I can't help but think of the stories I've heard about American teenaged girls "in trouble," from before the sexual revolution, and how they often disappeared to go live with an aunt or some other vaguely defined place while her "trouble" came to fruition. I don't know any of these women personally. I wonder about their relationship with their aunt (or whoever). What passed between them, if they sang hymns of joy to each other. I suspect not so much.

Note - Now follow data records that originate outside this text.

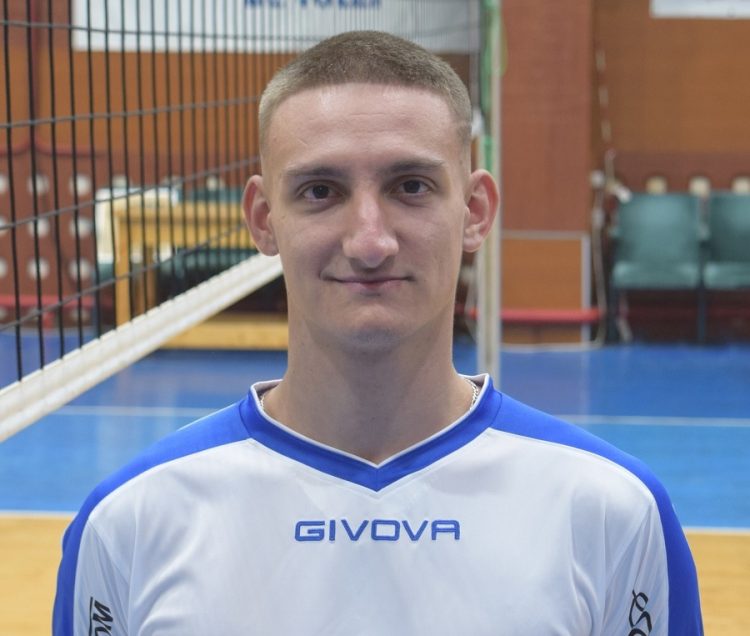 Volei. Alexandru Urian, noul jucător al echipei Ştiinţa Explorări Baia Mare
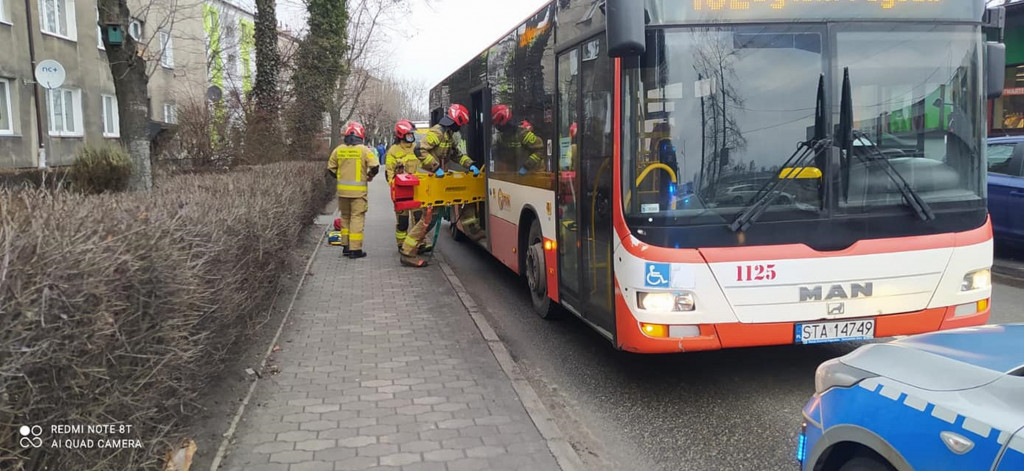 Ostre hamowanie. Pasażerka w szpitalu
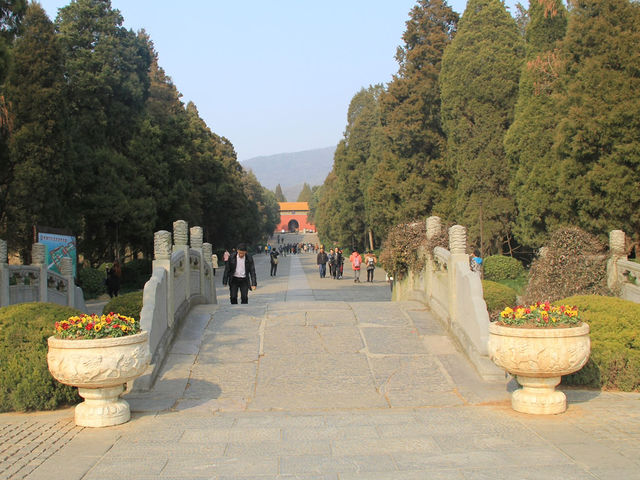 🏞️ **【明孝陵：明朝帝陵的恢弘與靜謐】** 🐉  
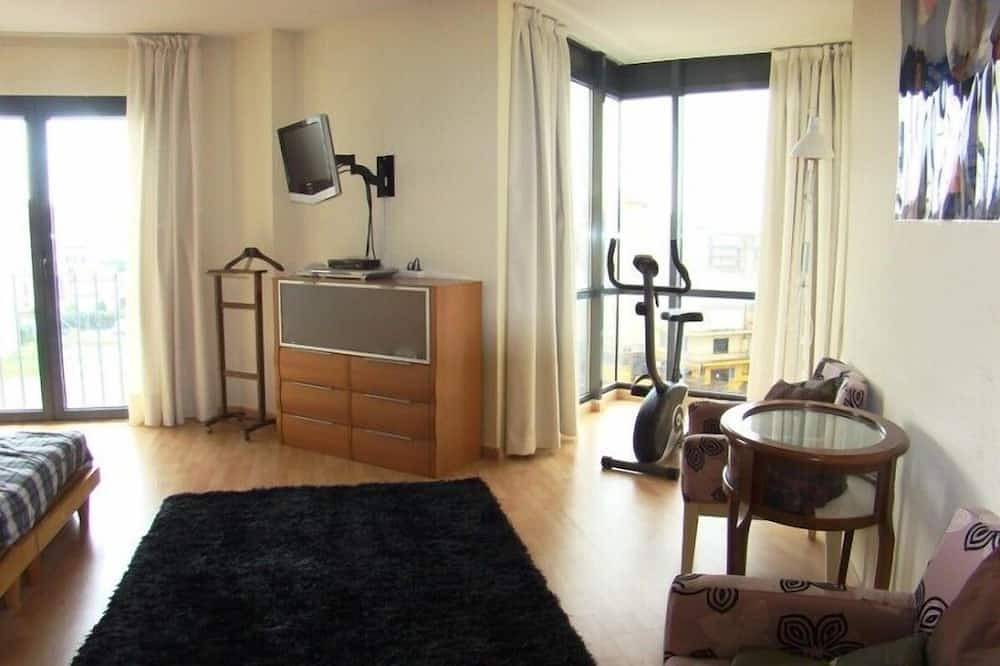 Entire apartment, Club Villamar - Nice apartment with terrace, air conditioning and private pool just a 200m away f... in Sant Antoni de Calonge, Calonge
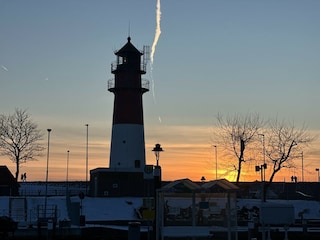Büsumer Leuchtturm im Sonnenuntergang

But Mary finds out she is pregnant and learns her cousin in pregnant and she goes to see Elizabeth. I suspect there must have been a relationship there already before the visit, that maybe they were already close, but it's more assumption. We only know Mary went to Elizabeth and Elizabeth knew without Mary telling her that she was pregnant. "Women's ways of knowing" or the Holy Spirit? Is there a difference? Does it matter? Elizabeth greeted her younger cousin---young Mary who was betrothed but had no business being pregnant yet---and they rejoiced together. Then Mary stayed with Elizabeth for three months. I do wonder what it was like for Zechariah, a priest, to have this pregnant young woman in his house, but he was struck silent by an angel, so maybe he didn't have anything to say about it. Why three months? Is it fair to speculate that Mary stayed there that long for her own family to cool down and warm up to the idea that she was pregnant? Assumptions.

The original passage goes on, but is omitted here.